Blu Ray Review: Lights of Old Broadway (1925)
I have always taken umbrage at those who dismiss actress Marion Davies as a semi-skilled wannabe thrust into the spotlight by her wealthy, much older lover William Randolph Hearst. While Hearst did spend millions promoting her, Davies had real talent and it is exhibited in many roles from silent to talkies.
Lights of Old Broadway is the story of two babies separated at birth – Anne grows up with wealth and privilege, Fely lives in poverty. Fely’s natural, innate talent for entertaining results in her catching a break and becoming a star in show business. And the narrative is filled with conflicts and complications, such as Anne’s family owning the slums where Fely’s family lives, and Anne’s half brother falling for her twin sister. The twins have different color hair, and their manner is such that neither really resembles the other.

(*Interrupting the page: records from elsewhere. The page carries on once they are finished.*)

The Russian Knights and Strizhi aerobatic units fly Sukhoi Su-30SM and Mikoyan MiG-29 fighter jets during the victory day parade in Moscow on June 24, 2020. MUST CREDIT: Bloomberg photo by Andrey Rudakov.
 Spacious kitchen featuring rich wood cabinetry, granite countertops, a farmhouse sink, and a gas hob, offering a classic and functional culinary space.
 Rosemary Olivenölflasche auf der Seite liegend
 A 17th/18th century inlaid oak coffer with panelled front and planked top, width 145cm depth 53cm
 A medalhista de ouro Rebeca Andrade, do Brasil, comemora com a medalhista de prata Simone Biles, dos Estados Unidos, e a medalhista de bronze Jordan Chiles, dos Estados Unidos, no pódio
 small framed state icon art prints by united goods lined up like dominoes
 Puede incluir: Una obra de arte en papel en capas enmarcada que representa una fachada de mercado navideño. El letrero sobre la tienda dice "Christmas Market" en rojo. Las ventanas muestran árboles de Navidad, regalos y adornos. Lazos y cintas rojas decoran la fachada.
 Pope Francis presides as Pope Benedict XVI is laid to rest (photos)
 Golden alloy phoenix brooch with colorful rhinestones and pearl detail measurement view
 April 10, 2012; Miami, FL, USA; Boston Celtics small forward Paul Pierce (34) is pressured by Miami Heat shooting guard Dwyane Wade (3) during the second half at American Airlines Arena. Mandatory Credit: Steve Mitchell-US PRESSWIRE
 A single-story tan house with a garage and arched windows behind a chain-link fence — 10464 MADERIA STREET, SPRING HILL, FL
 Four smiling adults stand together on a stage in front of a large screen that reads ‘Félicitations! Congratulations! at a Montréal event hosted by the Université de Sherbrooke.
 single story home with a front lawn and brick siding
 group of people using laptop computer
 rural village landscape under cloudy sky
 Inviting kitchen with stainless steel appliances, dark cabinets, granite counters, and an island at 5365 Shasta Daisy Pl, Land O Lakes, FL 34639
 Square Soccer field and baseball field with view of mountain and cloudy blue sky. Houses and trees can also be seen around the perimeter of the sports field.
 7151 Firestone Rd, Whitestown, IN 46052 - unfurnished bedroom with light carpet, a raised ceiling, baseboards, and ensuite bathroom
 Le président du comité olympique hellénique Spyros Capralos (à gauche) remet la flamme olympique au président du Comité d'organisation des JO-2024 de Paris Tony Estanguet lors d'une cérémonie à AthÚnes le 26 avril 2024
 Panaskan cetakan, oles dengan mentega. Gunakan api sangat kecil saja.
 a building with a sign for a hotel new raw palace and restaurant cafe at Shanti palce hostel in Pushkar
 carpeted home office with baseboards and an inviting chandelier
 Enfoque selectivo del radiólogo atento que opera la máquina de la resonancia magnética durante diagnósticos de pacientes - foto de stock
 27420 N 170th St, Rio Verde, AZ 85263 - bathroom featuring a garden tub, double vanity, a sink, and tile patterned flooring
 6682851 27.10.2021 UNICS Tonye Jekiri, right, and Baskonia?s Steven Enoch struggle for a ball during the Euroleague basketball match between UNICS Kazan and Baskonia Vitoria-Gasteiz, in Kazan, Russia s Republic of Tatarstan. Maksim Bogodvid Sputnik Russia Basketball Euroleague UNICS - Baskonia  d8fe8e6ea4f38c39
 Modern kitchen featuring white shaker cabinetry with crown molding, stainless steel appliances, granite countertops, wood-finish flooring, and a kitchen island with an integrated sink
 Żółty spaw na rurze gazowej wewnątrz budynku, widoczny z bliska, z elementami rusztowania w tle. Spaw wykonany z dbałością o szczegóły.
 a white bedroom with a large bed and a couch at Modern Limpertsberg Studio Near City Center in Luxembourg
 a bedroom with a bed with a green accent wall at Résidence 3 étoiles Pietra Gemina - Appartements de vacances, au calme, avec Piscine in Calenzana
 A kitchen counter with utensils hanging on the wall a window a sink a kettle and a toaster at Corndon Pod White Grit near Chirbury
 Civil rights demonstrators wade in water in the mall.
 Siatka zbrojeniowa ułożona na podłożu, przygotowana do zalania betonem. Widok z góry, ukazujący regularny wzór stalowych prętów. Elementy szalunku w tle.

Marion Davies has a fairly significant acting challenge. She plays both Anne and Fely, and gives each the necessary nuance to make it unique from the other. Anne carries herself with grace, dignity, poise, and refinement. Fely is boisterous, tumultuous, recalcitrant, and tough. Marion Davies must play both characters and make them unlike each other to the point where it’d be possible for a man who knows both to fall for one without recognizing any resemblance. She does an exceptional job. Conrad Nagel, who would co-star with Davies in two more films, registers strongly as the half brother to Anne who falls for the earthy Fely.
An adaption of the play The Merry Wives of Gotham, this film is one of the early two-strip Technicolor productions of the silent era whose color footage has survived. It is restored here in the Kino blu ray, allowing us to see the film in pretty much the same way that period audeinces did. The print source Kino used is from the Library of Congress, who had Davies’ own print.
Lights of Old Broadway was a huge box office hit at the time of its release, and its success resulted in Davies being signed to an MGM contract.
Kino-Lorber’s blu ray includes an optional commentary track by film historian and archivist Anthony Slide, who always provides interesting and enlightening detals.